Les cires naturelles, en revanche, se déposent par fusion-recristallisation (elles fondent à la chaleur, puis se figent en refroidissant) : une fois chauffées au-dessus de leur point de fusion, elles s’étalent en couche fine puis se refroidissent en formant un film cristallin. La réaction est réversible : il suffit de réchauffer la cire (par friction, par air chaud, par solvant adapté) pour la fondre à nouveau et la ré-étaler. Cette propriété est centrale dans la restauration patrimoniale, où la réversibilité d’une finition est considérée comme un critère déontologique. Le mélange historique cire d’abeille + essence de térébenthine illustre la famille.

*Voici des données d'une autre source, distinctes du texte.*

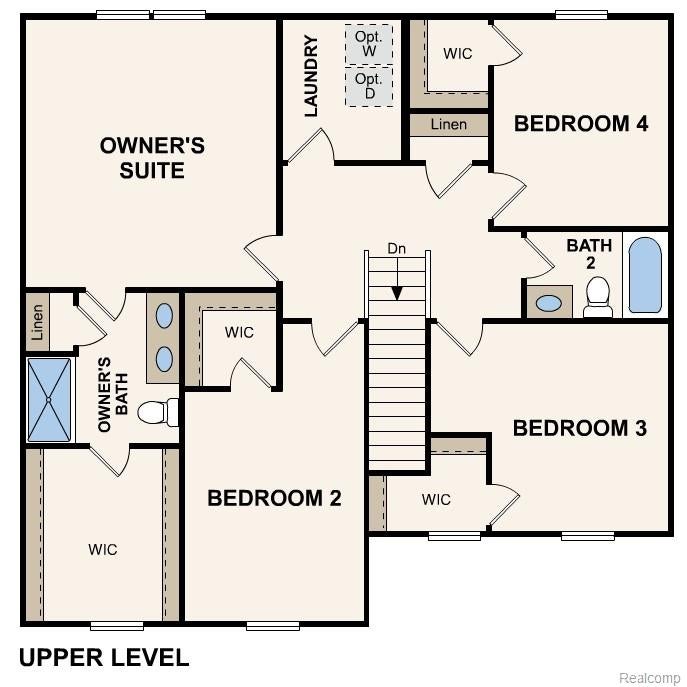 2324 Cardinal Court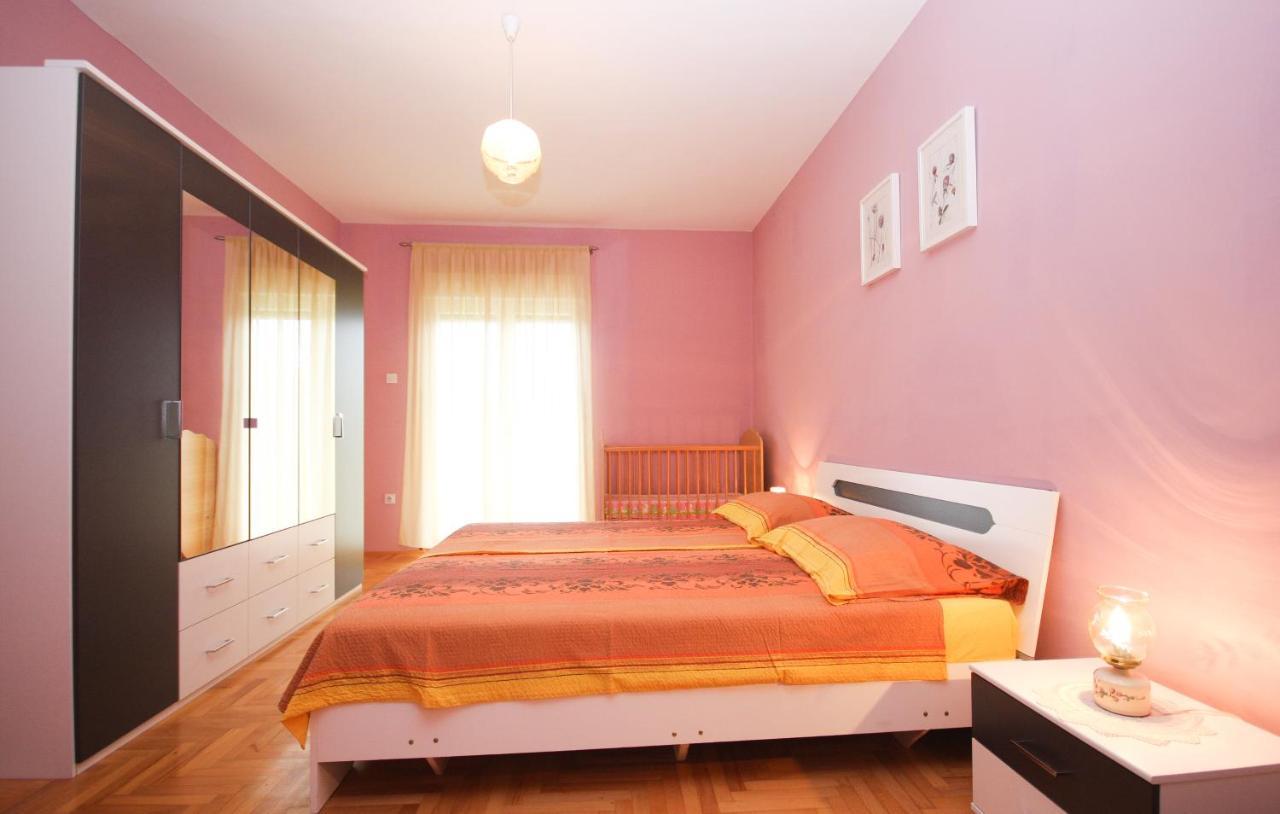 Guest House Ljubica Medulin Exterior photo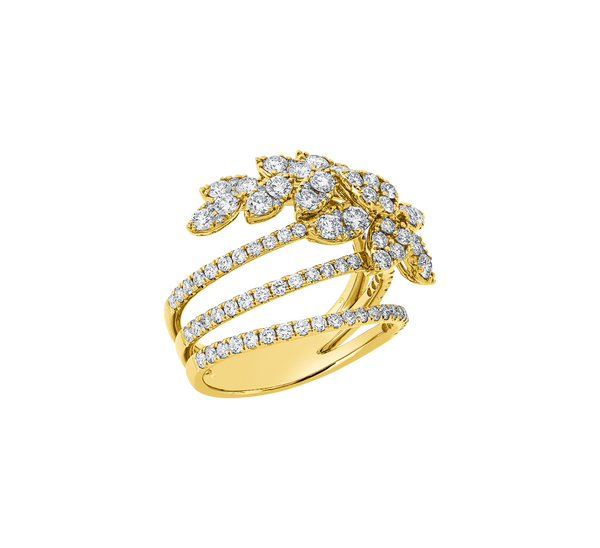 Brogle Selection Diamantring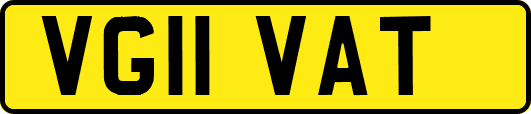 VG11VAT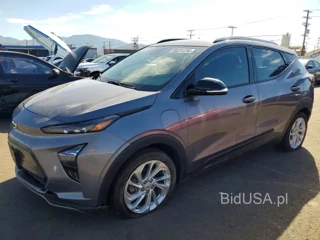 CHEVROLET BOLT EUV LT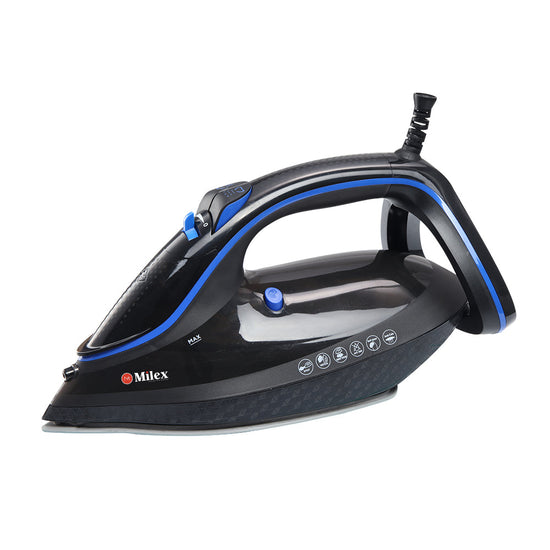 Milex Pro Steam Elite Iron MIR103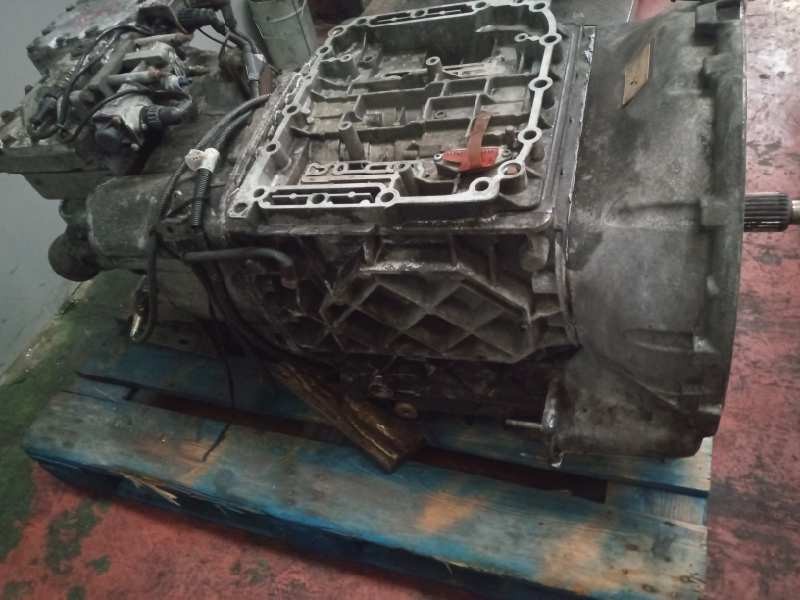 Recambio de caja cambios para volvo trucks b12b referencia OEM IAM VT2412B 3190325 
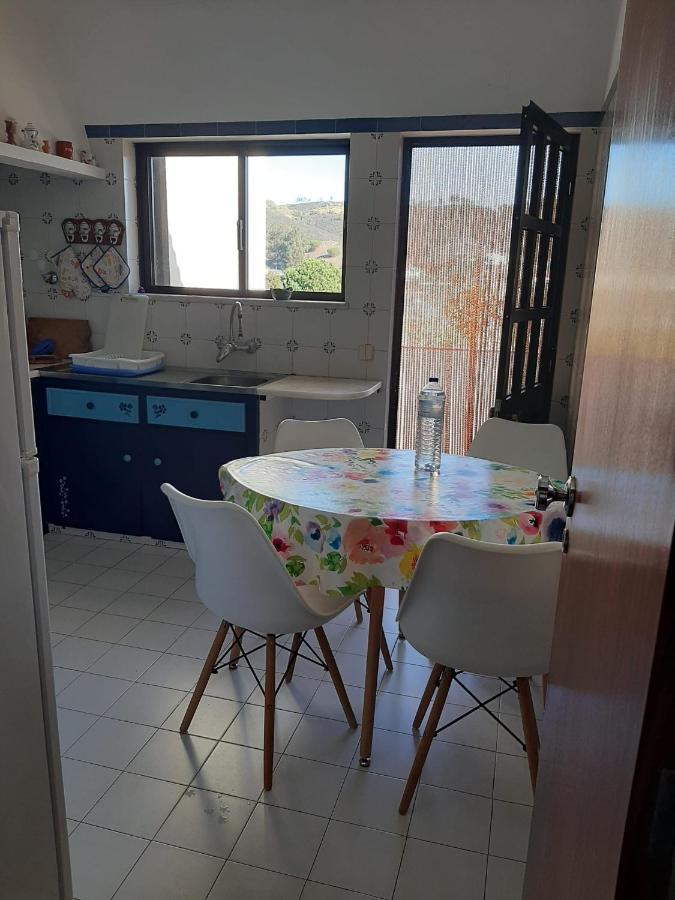 Ferienwohnung Casa Dos Pais Odeceixe Exterior foto
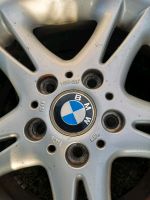 BMW Alufelgen 16 Zoll für E36 E46 Brandenburg - Zühlsdorf Vorschau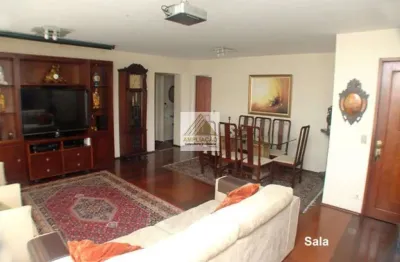 Apartamento com 3 quartos à venda na Rua Marquês de Sabará, 30, Morumbi, São Paulo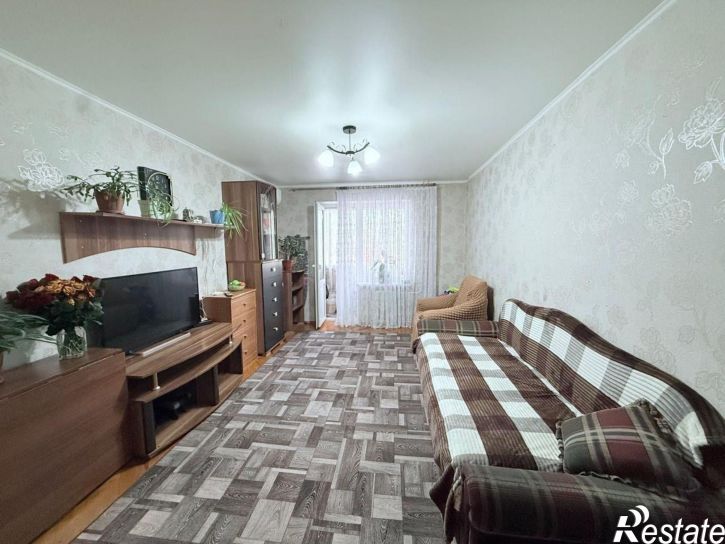 3-комн квартира ул Шаумяна, 36,  д. 36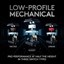 Logitech G915 TKL White thumbnail 3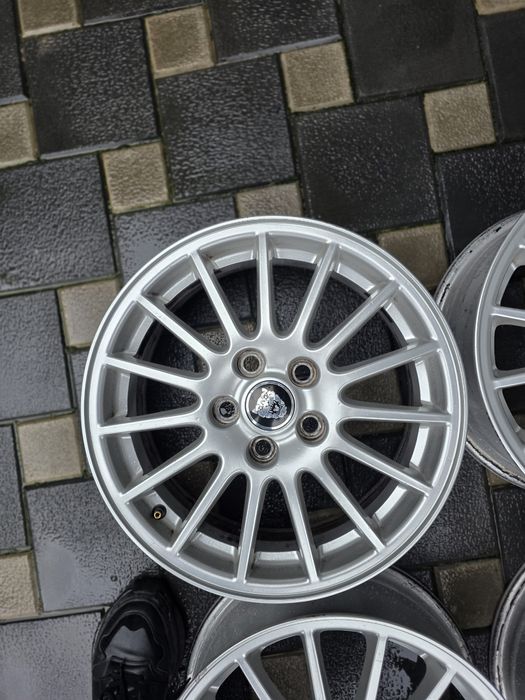 Janta aliaj  R16, 5x108  Ford/Volvo/Jaguar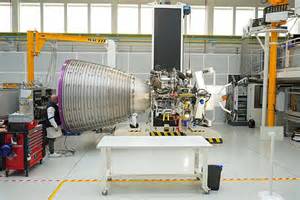 Ariane 64 prepares for historic launch in major test of Europe’s ...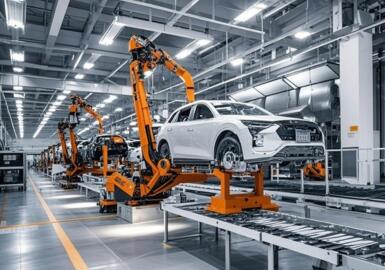 PPG在泰国开设水性汽车涂料工厂，年产能2000吨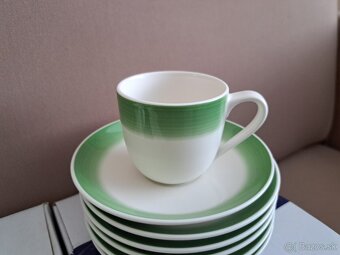 Villeroy&Boch coffee, espresso - 3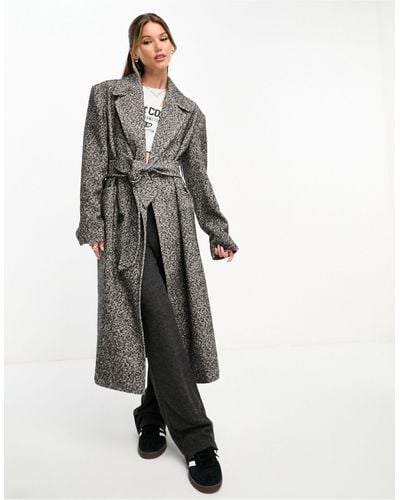 Miss Selfridge Coats for Women, Online Sale up to 65% off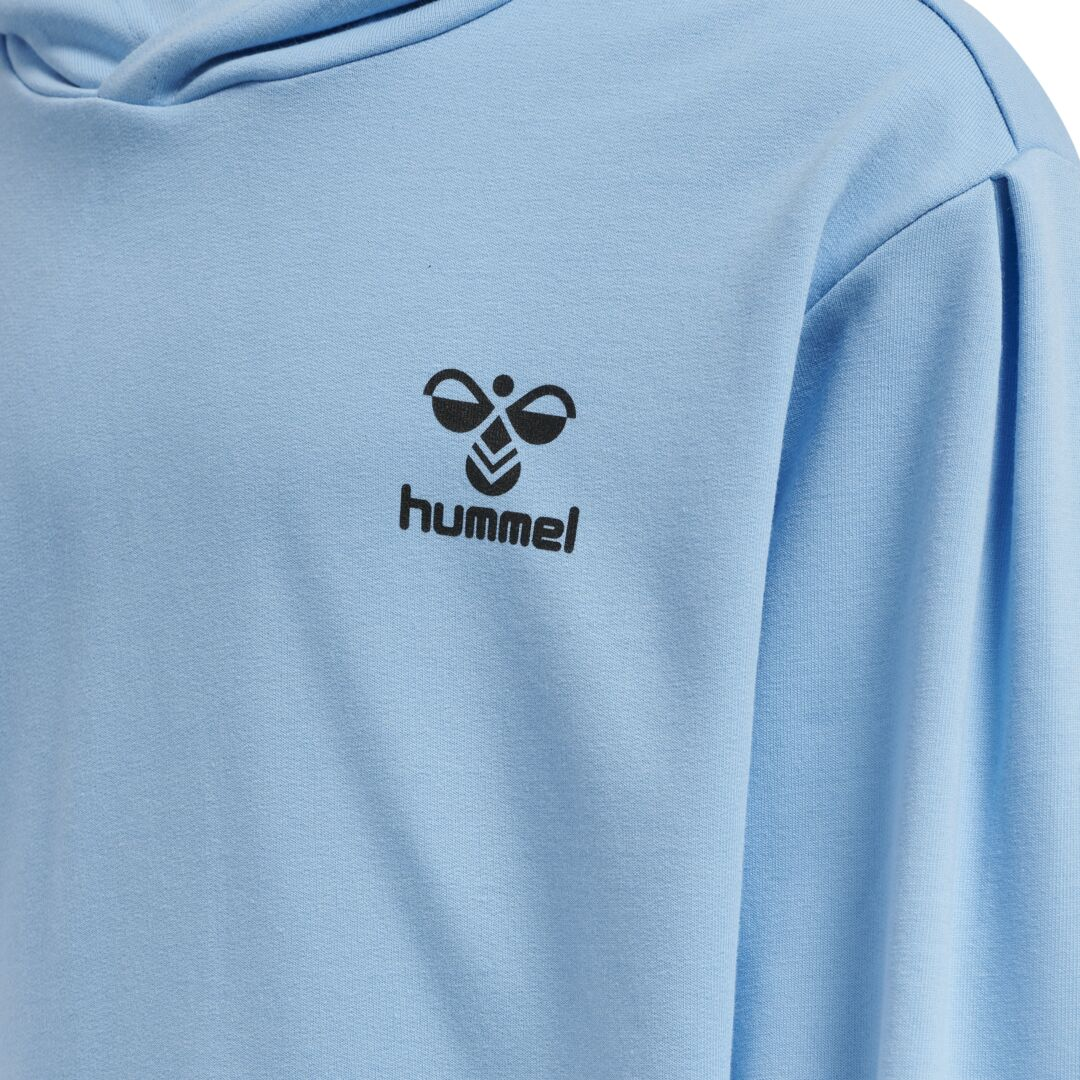 Hummel - hmlDUE, Kinder Hoodie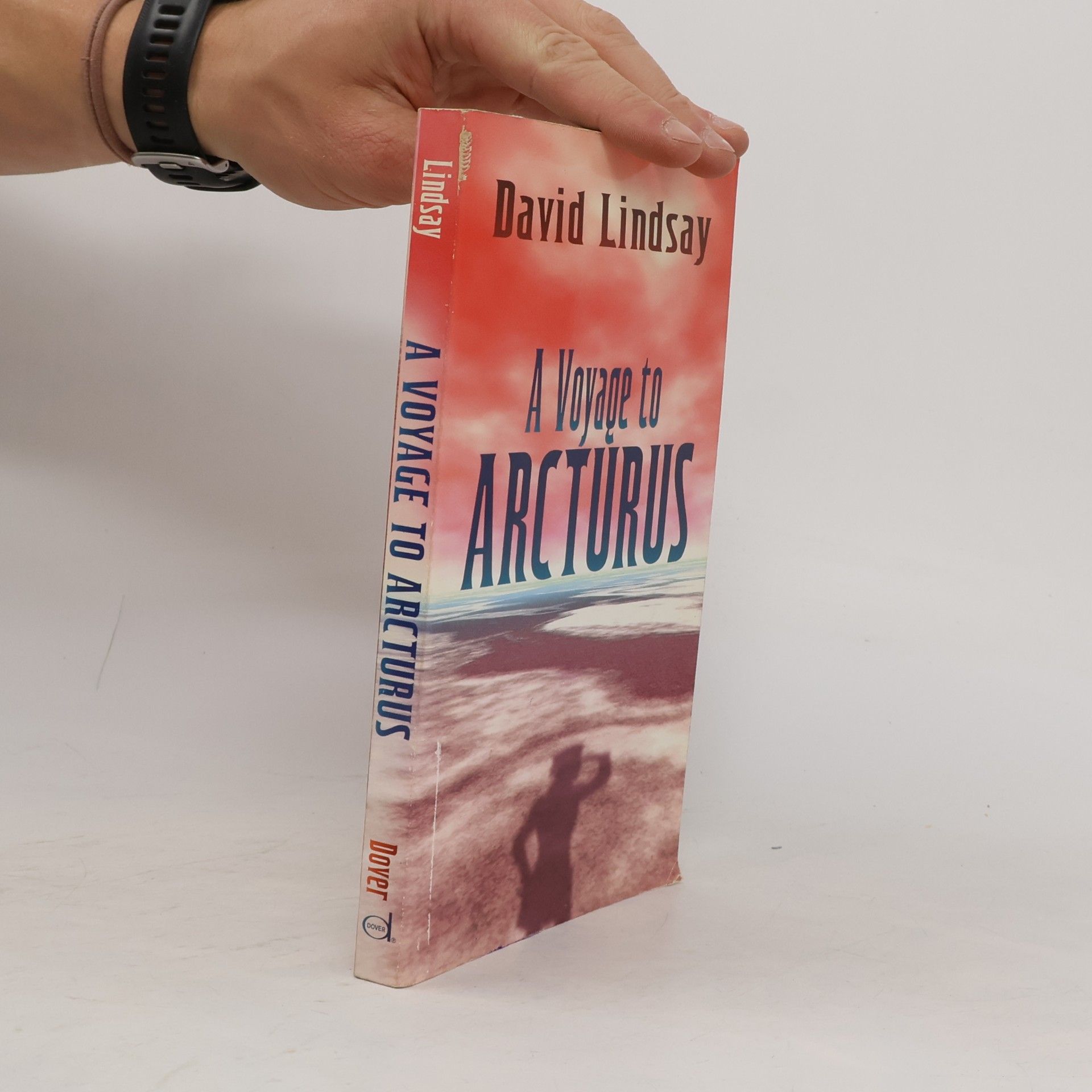 A Voyage to Arcturus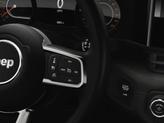Thumbnail of 2025 Bright White Clearcoat Jeep Wrangler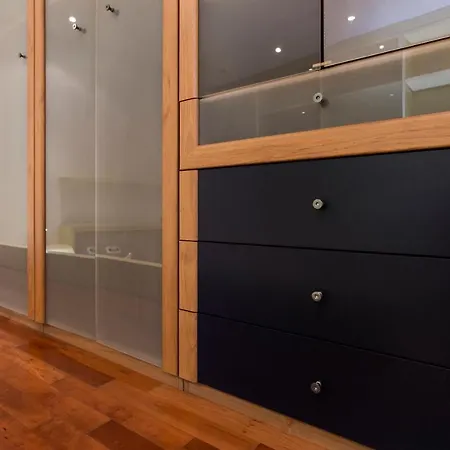 Apartamento Porta Romana Halldis *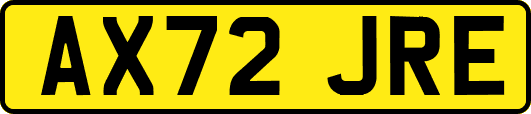 AX72JRE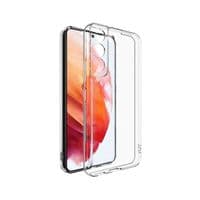 Чохол до мобільного телефона BeCover Samsung Galaxy S24 Plus SM-S926Transparancy (710467)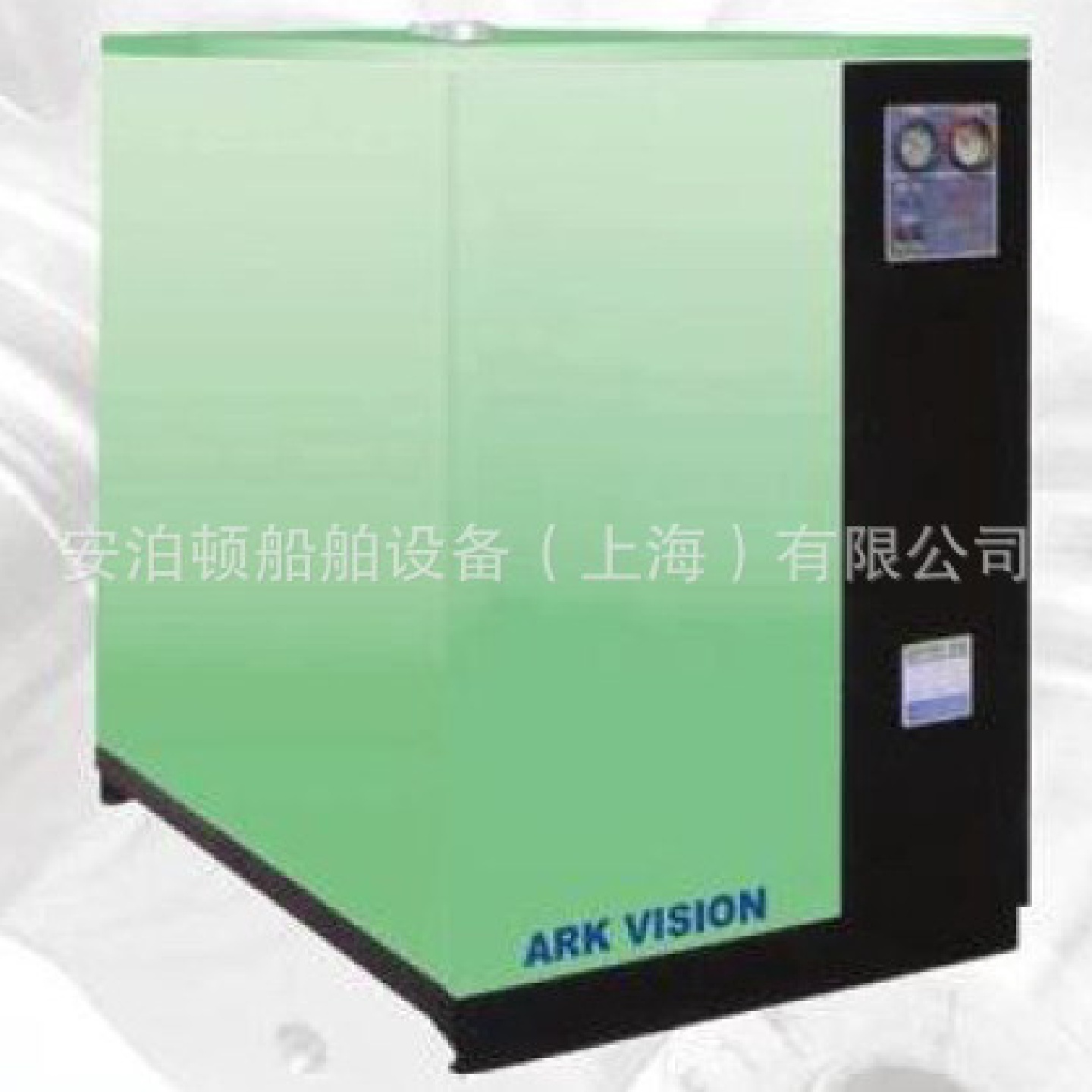 安泊顿船用空压机专用压缩空气干燥器CAD-108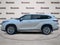 2024 Toyota Highlander Hybrid Platinum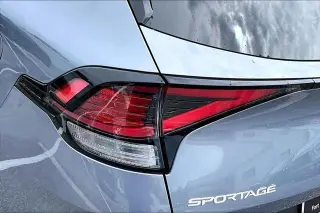 Kia Sportage 2023 EX SUV 4 puertas
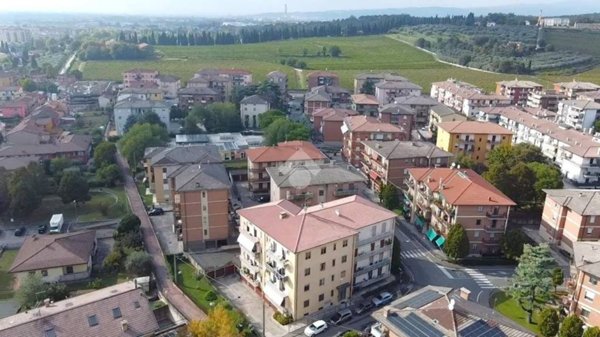 appartamento in vendita a San Martino Buon Albergo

Choisir entre huile et cire n’est donc pas une question de goût mais d’arbitrage sur trois axes : la profondeur de protection (les huiles pénètrent, les cires couvrent), la réversibilité (les cires se refondent, les huiles non) et la compatibilité alimentaire (statuts E901/E903 pour certaines cires, restée controversée pour les huiles). Les sections suivantes reprennent chaque axe ; la dernière en fait une grille de décision selon l’usage.

Les huiles siccatives : chimie et comportement

Les huiles siccatives constituent la première grande famille des finitions naturelles. Leur durcissement n’est pas une évaporation (comme un solvant) mais une réaction chimique d’oxydation des doubles liaisons des acides gras. Trois huiles dominent en finition du bois : lin, tung, camélia, chacune avec un profil de polymérisation propre.

L’huile de lin (Linum usitatissimum)

L’huile de lin est l’archétype de l’huile siccative en finition du bois européenne. Elle est extraite par pression à froid ou par solvant des graines de lin (Linum usitatissimum). Selon Wikipedia FR sur l’huile de lin (https://fr.wikipedia.org/wiki/Huile_de_lin), sa composition en acide α-linolénique (acide gras polyinsaturé ω-3 à trois doubles liaisons) se situe entre « 45 à 70 % », ce qui en fait une huile à fort potentiel de polymérisation. Son indice d’iode, qui mesure le degré d’insaturation, est de « 170 – 204 » selon la même source — au-dessus du seuil de 130 qui définit conventionnellement les huiles siccatives.

Wikipedia FR qualifie l’huile de lin d’« huile auto-siccative », ce qui signifie qu’elle durcit spontanément à l’air sans nécessairement requérir l’ajout de métalliques. Le mécanisme commence par l’absorption d’oxygène, qui forme des peroxydes au niveau des doubles liaisons ; ces peroxydes se décomposent en radicaux libres qui amorcent la réticulation entre chaînes d’acides gras. Le réseau tridimensionnel obtenu est solide, transparent et fortement pénétrant : une couche d’huile de lin diffuse dans le bois sur plusieurs millimètres de profondeur.